Figure 4. Unique active sites facilitate SidJ-mediated glutamylation of the SidE effectors.

(A) Details of the migrated nucleotide binding pocket of SidJ (green) and the ARTT loop of SdeC^Core (blue) showing the interactions (dashed lines) involved in binding the acyl-adenylate reaction intermediate. The AMP is shown as sticks and the Coulomb potential map is shown in mesh. Note the formation of a covalent bond between AMP and the SdeC active site Glu857.

(B, C) Electrostatic surface representation (B) and molecular interactions (C) of the migrated nucleotide binding pocket of SidJ bound to SdeC^Core depicting a positively charged cleft adjacent to the acyl-adenylate reaction intermediate. A donor Glu was manually placed inside of the pocket, with its γ-carboxyl group interacting with Arg522 of SidJ. The donor Glu :NH₂ group is in position to attack the acyl-adenylate. Electrostatic surface is contoured at 7kT.

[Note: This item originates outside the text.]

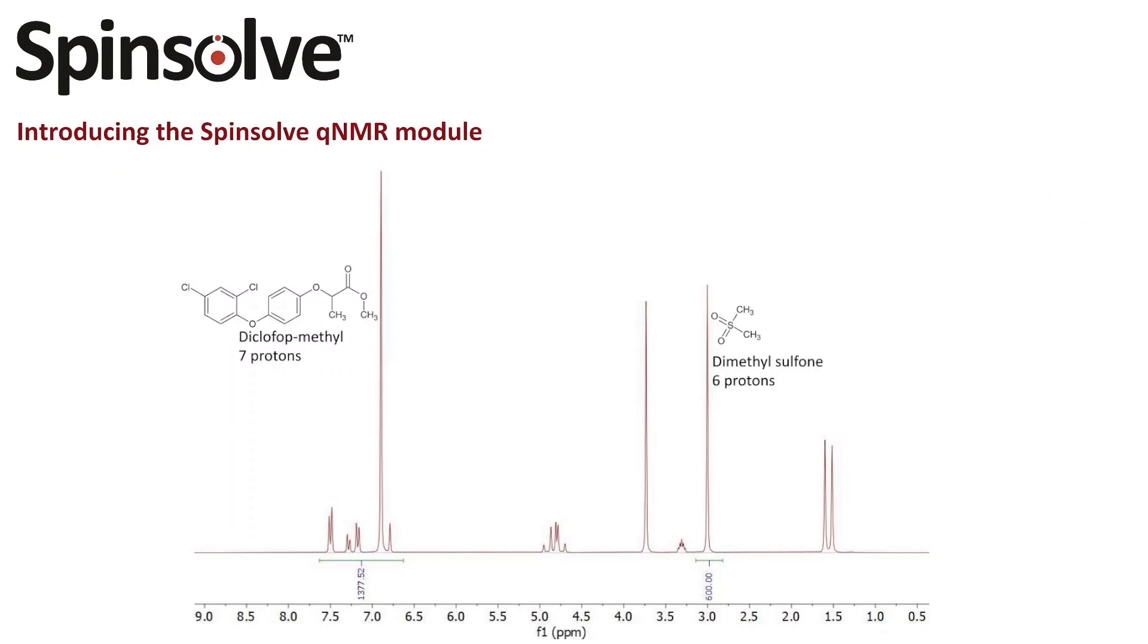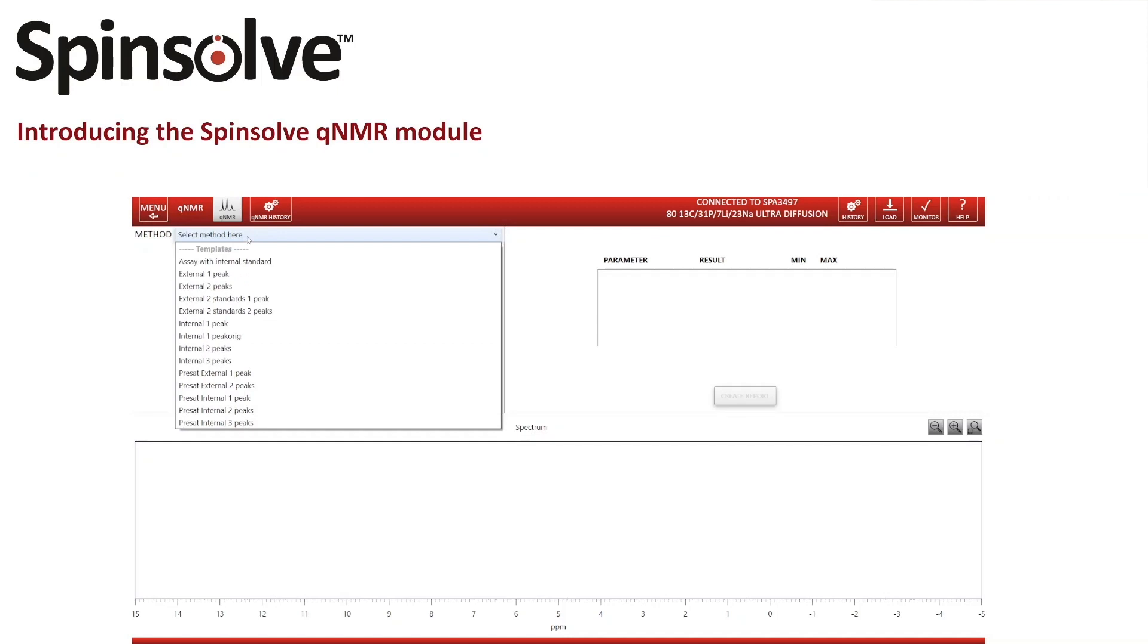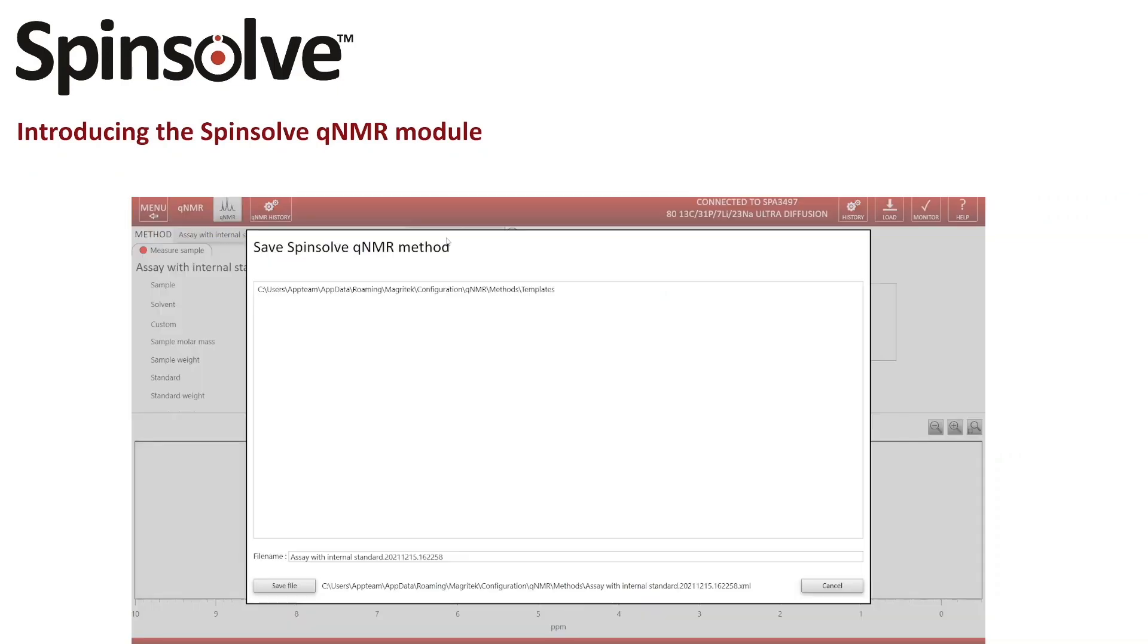To show you how easy it is to set up a new QNMR method, I'm starting from a blank template for QNMR with internal standard. In the QNMR module under method selection I select the appropriate template. First I'm saving the blank method with a new name for the molecule I want to analyze.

(D) Glutamylation activity of SidJ and the Arg522 mutant using SdeA^Core as substrate. Reaction products were analyzed as in Figure 2C, n=3.

(E) Details of the kinase-like active site of SidJ (green) depicting the molecular interactions (dashed lines) that facilitate ATP/Mg²⁺ binding. The ATP is in sticks, the Coulomb potential map is shown in mesh and the Mg²⁺ ions are shown as spheres.

(F) Glutamylation activity of SidJ and kinase-like active site mutants using SdeA^Core as a substrate. Reaction products were analyzed as in Figure 2C, n=3. Note that the other residues have been mutated and analyzed for glutamylation in our previous work (Black et al., 2019).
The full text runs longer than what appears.